▸ **ABOUT THIS TASK**: What appears from the first line of the records below through the line containing "-八珍·广式煎饺·广州老字号(北京路总店)" must be reproduced verbatim.

▸ **TASK INPUTS**:
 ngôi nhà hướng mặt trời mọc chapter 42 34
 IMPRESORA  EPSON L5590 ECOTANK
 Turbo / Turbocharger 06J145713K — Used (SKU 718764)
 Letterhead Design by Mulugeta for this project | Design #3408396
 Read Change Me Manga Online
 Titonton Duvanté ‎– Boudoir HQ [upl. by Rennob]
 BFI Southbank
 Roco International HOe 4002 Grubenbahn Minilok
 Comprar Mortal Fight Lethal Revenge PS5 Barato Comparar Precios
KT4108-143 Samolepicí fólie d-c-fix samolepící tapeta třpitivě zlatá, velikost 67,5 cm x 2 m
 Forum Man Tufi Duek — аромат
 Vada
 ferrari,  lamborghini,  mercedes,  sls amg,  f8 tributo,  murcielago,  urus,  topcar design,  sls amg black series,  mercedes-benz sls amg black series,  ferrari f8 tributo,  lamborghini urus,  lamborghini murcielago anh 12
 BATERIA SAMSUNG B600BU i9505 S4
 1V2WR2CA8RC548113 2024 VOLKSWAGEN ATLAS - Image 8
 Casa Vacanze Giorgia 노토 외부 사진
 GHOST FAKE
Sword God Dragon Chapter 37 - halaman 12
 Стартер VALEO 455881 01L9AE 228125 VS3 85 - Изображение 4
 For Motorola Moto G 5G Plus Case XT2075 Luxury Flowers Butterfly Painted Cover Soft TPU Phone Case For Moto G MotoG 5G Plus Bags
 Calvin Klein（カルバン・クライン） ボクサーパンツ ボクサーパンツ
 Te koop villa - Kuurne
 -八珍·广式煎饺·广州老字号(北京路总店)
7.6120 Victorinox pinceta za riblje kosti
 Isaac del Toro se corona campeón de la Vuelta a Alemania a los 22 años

▸ **RESPONSE TO THIS EXERCISE**:
 ngôi nhà hướng mặt trời mọc chapter 42 34
 IMPRESORA  EPSON L5590 ECOTANK
 Turbo / Turbocharger 06J145713K — Used (SKU 718764)
 Letterhead Design by Mulugeta for this project | Design #3408396
 Read Change Me Manga Online
 Titonton Duvanté ‎– Boudoir HQ [upl. by Rennob]
 BFI Southbank
 Roco International HOe 4002 Grubenbahn Minilok
 Comprar Mortal Fight Lethal Revenge PS5 Barato Comparar Precios
KT4108-143 Samolepicí fólie d-c-fix samolepící tapeta třpitivě zlatá, velikost 67,5 cm x 2 m
 Forum Man Tufi Duek — аромат
 Vada
 ferrari,  lamborghini,  mercedes,  sls amg,  f8 tributo,  murcielago,  urus,  topcar design,  sls amg black series,  mercedes-benz sls amg black series,  ferrari f8 tributo,  lamborghini urus,  lamborghini murcielago anh 12
 BATERIA SAMSUNG B600BU i9505 S4
 1V2WR2CA8RC548113 2024 VOLKSWAGEN ATLAS - Image 8
 Casa Vacanze Giorgia 노토 외부 사진
 GHOST FAKE
Sword God Dragon Chapter 37 - halaman 12
 Стартер VALEO 455881 01L9AE 228125 VS3 85 - Изображение 4
 For Motorola Moto G 5G Plus Case XT2075 Luxury Flowers Butterfly Painted Cover Soft TPU Phone Case For Moto G MotoG 5G Plus Bags
 Calvin Klein（カルバン・クライン） ボクサーパンツ ボクサーパンツ
 Te koop villa - Kuurne
 -八珍·广式煎饺·广州老字号(北京路总店)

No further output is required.